## ABOUT THIS EXERCISE
Write out again, exactly as they appear, the lines from the start of the data below through the line with "This American hog"; no pictures.

[Stored data entries]

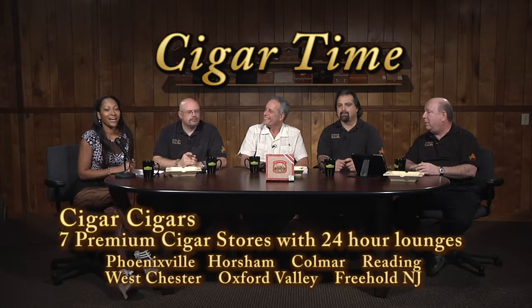Welcome back to Cigar Time, your friendly Tuesday night cigar show. I'm Art and to my right is Rob. How you doing everybody? To his right is Paul. Hello. And to his right is Scott. Evening everybody. And to his right is the lovely Miss Tia. Hi everybody.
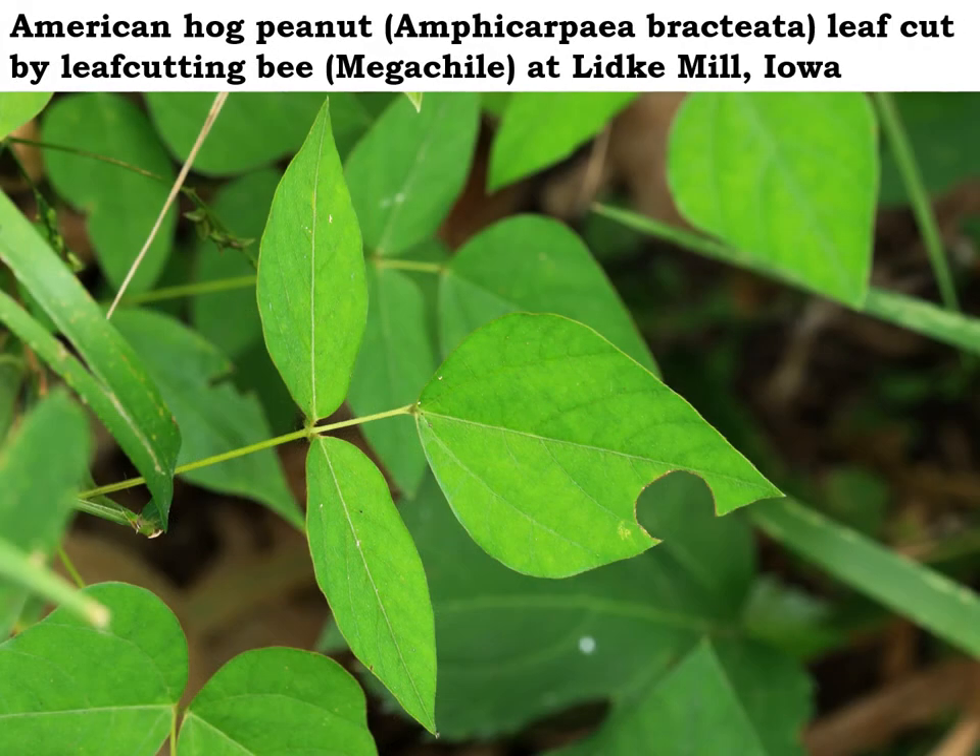This American hog peanut leaf shows evidence of leaf cutter bee activity. You can see that kind of round circle there — that's where a female leaf cutting bee cut out a little section to carry back for the wall on her little home in a hollow plant stem. American hog peanut is a very common plant in woodlands and one of their favorite leaves.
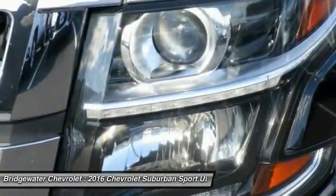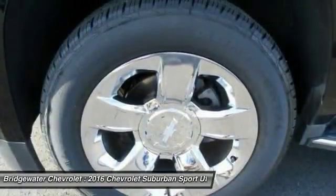If you like it online, you'll love it in your driveway. Take it for a spin today.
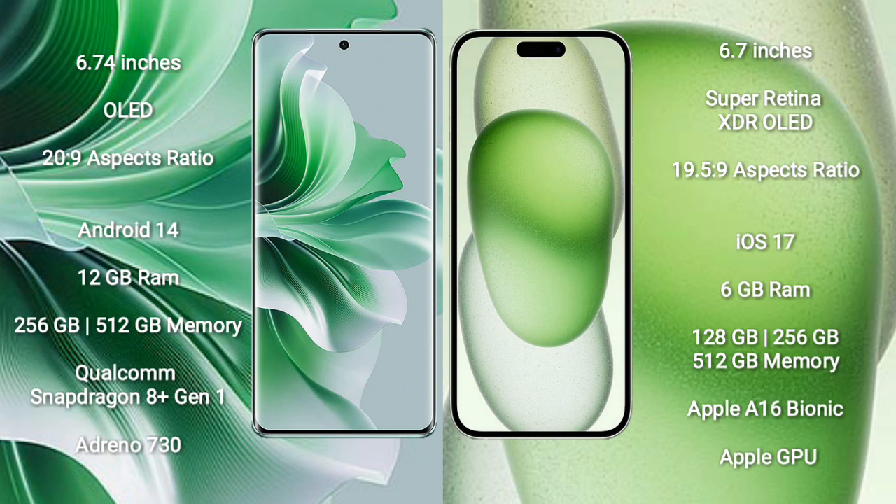iPhone 15 Plus comes with 6GB RAM and 128GB, 256GB, or 512GB internal storage. It features the Apple A16 Bionic processor with Apple GPU.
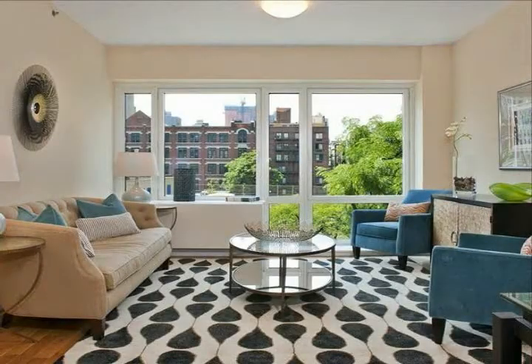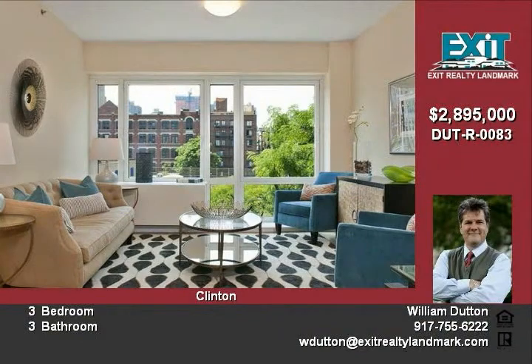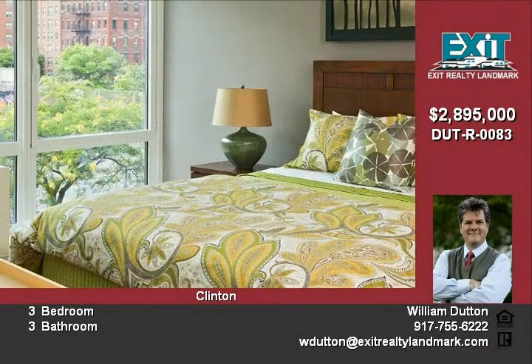This breathtaking 3-bedroom, 3-bath house has 1,702 feet of interior space and a huge 1,501-foot private terrace that makes it a perfect home for enjoying the city and entertaining.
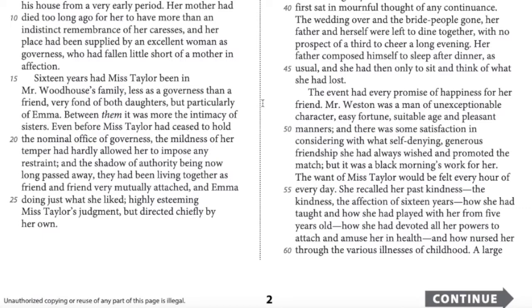The real evils — meaning real problems — of Emma's situation were the power of having rather too much her own way, and a disposition to think a little too well of herself. She's used to getting what she wants because her father is indulgent, and Miss Taylor couldn't hold her back. She's got a bit of an ego and thinks a little too well of herself.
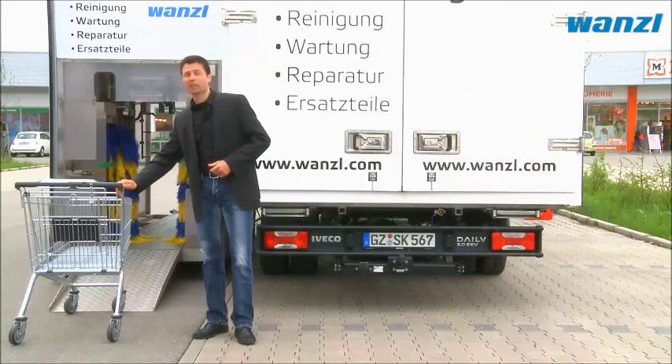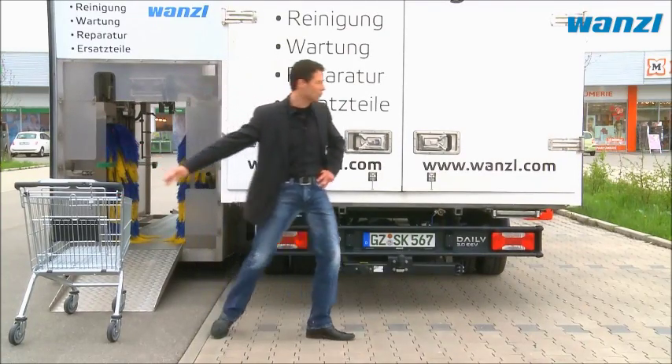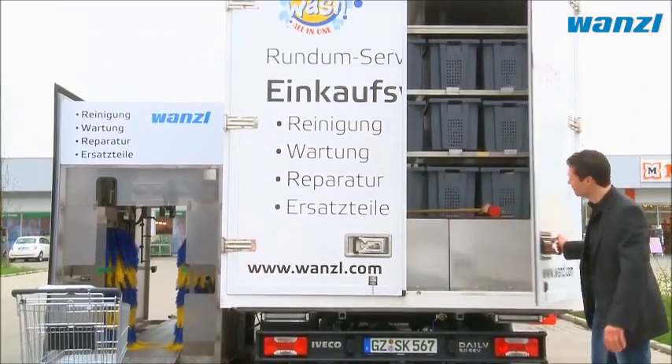Because functioning shopping trolleys increase turnover and ensure customer satisfaction, the Trolley Star service also includes maintenance and repairs.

## YOUR SOLUTION
Welcome back to Cigar Time, your friendly Tuesday night cigar show. I'm Art and to my right is Rob. How you doing everybody? To his right is Paul. Hello. And to his right is Scott. Evening everybody. And to his right is the lovely Miss Tia. Hi everybody.
This American hog peanut leaf shows evidence of leaf cutter bee activity. You can see that kind of round circle there — that's where a female leaf cutting bee cut out a little section to carry back for the wall on her little home in a hollow plant stem. American hog peanut is a very common plant in woodlands and one of their favorite leaves.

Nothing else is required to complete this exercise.